Re: [DNG] random sudden stops

2021-08-27 Thread Arnt Karlsen
On Fri, 27 Aug 2021 00:32:05 -0400, Steve wrote in message 
<20210827003205.55c65...@mydesk.domain.cxm>:

> Hendrik Boom said on Thu, 26 Aug 2021 11:55:12 -0400
> 
> >On Wed, Aug 25, 2021 at 09:16:06PM -0400, william moss via Dng
> >wrote:  
> >> On 8/25/21 8:10 PM, Hendrik Boom wrote:
> >> > For the past few months my home server (running an ascii
> >> > installation physically moved from another computer) has been
> >> > suddenly stopping all processing about once a month. apparently
> >> > at random.  It seems to stop instantly, leaving power on and
> >> > becoming completely responsive to ping, existing ssh connexions
> >> > and use of the physical keyboard.
> >> > 
> >> > The system log, after a reboot, shows nothing unusual except of
> >> > course that there are no log entries for a shut-down.
> >> > 
> >> > Can anyone provide ideas about tracking this down?
> >> > 
> >> > It could of course be a random rare intermittent hardware error.
> >> > 
> >> > -- hendrik
> >> > ___
> >> > Dng mailing list
> >> > Dng@lists.dyne.org
> >> > https://mailinglists.dyne.org/cgi-bin/mailman/listinfo/dng
> >> > 
> >> I had the same problem on a work station running ASCII. Since I
> >> could access the system from another machine on the LAN and even
> >> log in, I guessed that it was Xorg. Killing X Via a remote login
> >> cleared the problem. With the use of sar and other tools, I
> >> determined it was the video card and/or NVIDIA's drivers (kernel
> >> modules).

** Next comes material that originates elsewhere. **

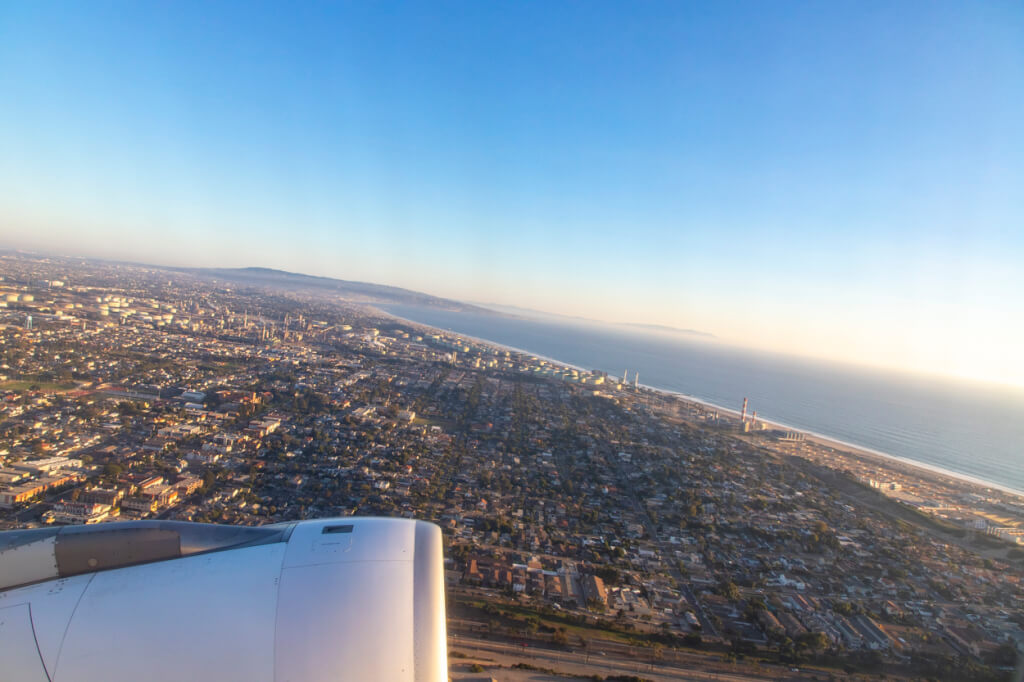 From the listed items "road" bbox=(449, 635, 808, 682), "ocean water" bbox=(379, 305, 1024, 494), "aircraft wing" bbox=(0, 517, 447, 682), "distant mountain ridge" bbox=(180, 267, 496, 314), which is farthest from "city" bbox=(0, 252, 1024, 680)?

Switched back to the system board's video (AMD) and the
> >> problem went away.
> >
> >Not running X on this machine.  Just have the usual text consoles on 
> >cntl-alt-F1 through F6.
> >
> >Don't have a separate video card either.  
> 
> The first time I read your symptom, my first thought was "I bet he has
> an nVidia card, just like I did before switching. So, acknowledging
> that you never run X and might not even have any nVidia drivers
> installed (if you do, I suggest removing them, under the
> circumstances), is your built in card an nVidia? If so, do you have a
> less than 5 year old Radeon to temporarily install while disabling
> your nVidia in BIOS? After my horrendous intermittent hangs and
> reboots of November and December 2020, I would never use any nVidia
> graphics unit with Linux again. If I somehow acquired a computer with
> built in nVidia graphics, I'd disable the built-in and use a Radeon.
> Even if I didn't use X.

..or just kill off any of nVidia's proprietary drivers and use the 
nouveau driver.  
Caviat: My last Radeon purchase, 9 years ago was a 2nd hand HD 4890 that
required a new powersupply with (an 8 pin plug AFAIR?), so I had to use 
that box filler Nvidea GeForce GTS 250 that came along the 4890 to get 
that powersupply, the 250 came bang right up on X @ 2048x1536 on the
nouveau driver.  It drove FlightGear at a flyable 9 to 15fps AFAIR, 
and the FlightGear developers svore it would be much faster on nVidia's
proprietary driver, which I never got working, so I went with the 
4890 on radeon.

-- 
..med vennlig hilsen = with Kind Regards from Arnt Karlsen
...with a number of polar bear hunters in his ancestry...
  Scenarios always come in sets of three: 
  best case, worst case, and just in case.
___
Dng mailing list
Dng@lists.dyne.org
https://mailinglists.dyne.org/cgi-bin/mailman/listinfo/dng


Re: [DNG] random sudden stops

2021-08-26 Thread Steve Litt
Hendrik Boom said on Thu, 26 Aug 2021 11:55:12 -0400

>On Wed, Aug 25, 2021 at 09:16:06PM -0400, william moss via Dng wrote:
>> On 8/25/21 8:10 PM, Hendrik Boom wrote:  
>> > For the past few months my home server (running an ascii
>> > installation physically moved from another computer) has been
>> > suddenly stopping all processing about once a month. apparently at
>> > random.  It seems to stop instantly, leaving power on and becoming
>> > completely responsive to ping, existing ssh connexions and use of
>> > the physical keyboard.
>> > 
>> > The system log, after a reboot, shows nothing unusual except of
>> > course that there are no log entries for a shut-down.
>> > 
>> > Can anyone provide ideas about tracking this down?
>> > 
>> > It could of course be a random rare intermittent hardware error.
>> > 
>> > -- hendrik
>> > ___
>> > Dng mailing list
>> > Dng@lists.dyne.org
>> > https://mailinglists.dyne.org/cgi-bin/mailman/listinfo/dng
>> >   
>> I had the same problem on a work station running ASCII. Since I could
>> access the system from another machine on the LAN and even log in, I
>> guessed that it was Xorg. Killing X Via a remote login cleared the
>> problem. With the use of sar and other tools, I determined it was the
>> video card and/or NVIDIA's drivers (kernel modules). Switched back to
>> the system board's video (AMD) and the problem went away.  
>
>Not running X on this machine.  Just have the usual text consoles on 
>cntl-alt-F1 through F6.
>
>Don't have a separate video card either.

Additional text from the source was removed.